Thursday, October 29, 2009

Wall Street's disconnect with jobs

BusinessWeek reported in its article Can Main Street Catch Up with Wall Street? that Ed Yardeni said "it's also possible that stock indexes could continue to rise even as U.S. workers continue to suffer. That could unfold if high rates of growth resume in China and the rest of the developing world. In other words, it's feasible that stocks in companies serving those emerging markets would gain value even as the U.S. economy -- and its workers --stagnate." Yardeni almost realized the truth; it is not only feasible, it is assured.
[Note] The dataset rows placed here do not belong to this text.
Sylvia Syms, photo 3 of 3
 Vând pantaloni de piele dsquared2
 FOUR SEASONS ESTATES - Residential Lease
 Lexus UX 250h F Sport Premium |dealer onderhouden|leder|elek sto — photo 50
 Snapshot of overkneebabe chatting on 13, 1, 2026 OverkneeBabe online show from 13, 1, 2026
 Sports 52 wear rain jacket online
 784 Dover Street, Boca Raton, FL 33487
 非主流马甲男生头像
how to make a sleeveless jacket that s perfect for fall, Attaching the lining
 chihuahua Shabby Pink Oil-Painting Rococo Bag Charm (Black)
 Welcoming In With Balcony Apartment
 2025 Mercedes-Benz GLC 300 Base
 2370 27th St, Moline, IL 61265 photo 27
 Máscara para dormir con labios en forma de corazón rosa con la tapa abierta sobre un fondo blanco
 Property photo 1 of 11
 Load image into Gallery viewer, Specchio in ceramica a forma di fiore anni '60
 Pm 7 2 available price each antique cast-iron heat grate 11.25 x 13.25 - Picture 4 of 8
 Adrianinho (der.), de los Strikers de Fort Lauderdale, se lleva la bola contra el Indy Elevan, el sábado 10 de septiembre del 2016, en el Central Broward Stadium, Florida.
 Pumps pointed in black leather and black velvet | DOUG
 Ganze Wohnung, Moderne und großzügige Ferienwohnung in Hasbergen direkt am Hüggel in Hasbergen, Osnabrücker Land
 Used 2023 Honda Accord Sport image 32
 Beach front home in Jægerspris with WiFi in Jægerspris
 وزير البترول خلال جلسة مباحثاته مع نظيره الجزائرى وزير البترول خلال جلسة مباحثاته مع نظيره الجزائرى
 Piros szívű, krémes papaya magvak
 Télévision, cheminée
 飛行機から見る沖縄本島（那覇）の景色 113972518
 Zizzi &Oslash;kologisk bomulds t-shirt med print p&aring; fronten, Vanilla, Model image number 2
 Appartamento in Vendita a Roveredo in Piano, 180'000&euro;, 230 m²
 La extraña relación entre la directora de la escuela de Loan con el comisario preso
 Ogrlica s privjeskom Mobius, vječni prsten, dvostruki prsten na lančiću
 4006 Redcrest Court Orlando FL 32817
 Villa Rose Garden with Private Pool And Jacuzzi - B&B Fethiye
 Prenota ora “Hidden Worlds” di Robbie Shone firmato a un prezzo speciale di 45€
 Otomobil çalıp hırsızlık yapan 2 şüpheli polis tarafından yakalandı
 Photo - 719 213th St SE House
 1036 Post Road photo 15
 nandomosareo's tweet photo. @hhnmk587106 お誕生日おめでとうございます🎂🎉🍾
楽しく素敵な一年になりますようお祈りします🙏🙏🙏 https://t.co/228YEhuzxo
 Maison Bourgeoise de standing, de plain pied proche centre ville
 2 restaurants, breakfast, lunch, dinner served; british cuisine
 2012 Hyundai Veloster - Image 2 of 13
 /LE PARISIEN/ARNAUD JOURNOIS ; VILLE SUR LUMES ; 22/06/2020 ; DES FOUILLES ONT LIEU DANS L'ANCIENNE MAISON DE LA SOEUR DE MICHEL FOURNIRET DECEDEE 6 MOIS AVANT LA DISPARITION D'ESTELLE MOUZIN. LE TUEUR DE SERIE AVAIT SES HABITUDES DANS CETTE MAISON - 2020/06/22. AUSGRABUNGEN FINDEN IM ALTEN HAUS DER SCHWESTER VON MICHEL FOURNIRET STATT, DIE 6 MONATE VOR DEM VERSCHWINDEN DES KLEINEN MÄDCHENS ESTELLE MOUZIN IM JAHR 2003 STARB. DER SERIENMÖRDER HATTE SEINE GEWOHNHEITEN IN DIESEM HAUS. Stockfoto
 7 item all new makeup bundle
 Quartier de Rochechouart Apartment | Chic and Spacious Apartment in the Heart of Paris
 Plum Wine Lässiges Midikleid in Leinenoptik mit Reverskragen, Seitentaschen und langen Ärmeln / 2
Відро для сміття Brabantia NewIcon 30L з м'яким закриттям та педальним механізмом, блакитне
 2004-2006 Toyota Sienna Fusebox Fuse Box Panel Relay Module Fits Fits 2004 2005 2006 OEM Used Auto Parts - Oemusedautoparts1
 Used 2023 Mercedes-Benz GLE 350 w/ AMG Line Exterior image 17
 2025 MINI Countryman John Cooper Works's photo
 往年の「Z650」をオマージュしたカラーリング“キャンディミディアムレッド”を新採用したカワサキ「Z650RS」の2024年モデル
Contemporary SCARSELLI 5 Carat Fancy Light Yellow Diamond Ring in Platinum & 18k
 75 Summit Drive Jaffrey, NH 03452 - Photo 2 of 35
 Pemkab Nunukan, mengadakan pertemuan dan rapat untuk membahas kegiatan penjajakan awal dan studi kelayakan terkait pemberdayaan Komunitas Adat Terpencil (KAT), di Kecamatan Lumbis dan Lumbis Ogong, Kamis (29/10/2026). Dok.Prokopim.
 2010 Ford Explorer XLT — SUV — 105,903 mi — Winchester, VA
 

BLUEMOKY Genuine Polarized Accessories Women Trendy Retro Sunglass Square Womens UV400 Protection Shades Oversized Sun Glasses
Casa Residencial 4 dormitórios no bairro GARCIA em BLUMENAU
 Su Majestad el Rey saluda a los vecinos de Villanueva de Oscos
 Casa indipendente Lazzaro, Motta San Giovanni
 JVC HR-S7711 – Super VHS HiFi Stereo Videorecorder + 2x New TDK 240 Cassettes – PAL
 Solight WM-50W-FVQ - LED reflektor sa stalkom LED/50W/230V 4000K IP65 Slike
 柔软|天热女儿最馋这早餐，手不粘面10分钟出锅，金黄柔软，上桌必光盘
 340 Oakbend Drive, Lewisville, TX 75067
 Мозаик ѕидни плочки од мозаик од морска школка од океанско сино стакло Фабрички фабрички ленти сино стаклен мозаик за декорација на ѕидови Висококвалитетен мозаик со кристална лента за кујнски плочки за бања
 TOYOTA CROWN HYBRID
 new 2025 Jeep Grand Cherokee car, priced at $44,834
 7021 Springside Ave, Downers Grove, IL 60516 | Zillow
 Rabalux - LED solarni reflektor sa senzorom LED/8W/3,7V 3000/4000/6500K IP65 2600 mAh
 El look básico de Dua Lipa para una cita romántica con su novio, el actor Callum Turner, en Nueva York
There is one huge reason why we think that jobs and Wall Street are joined at the hip: up until recently, the USA has been the world's economic powerhouse and the bastion of investing. When Wall Street stumbled we lost jobs -- and vice versa -- and so we naturally assumed that the two events were intrinsically related. Wall Street has always been only distantly related to American jobs; Wall Street is directly related to jobs no matter where they are. We used to produce far more than we consumed; today we import twice as much as we export, and most of those exports are low tech and/or agricultural products. Today China and Germany are the two largest exporters and so their jobs situation is more relevant to Wall Street. And now that many corporations have outsourced production, engineering, and customer service, the American angle is becoming far less important. Our media is doing a huge disservice to Americans by connecting them because people will think that because the recession is technically over, jobs will naturally follow.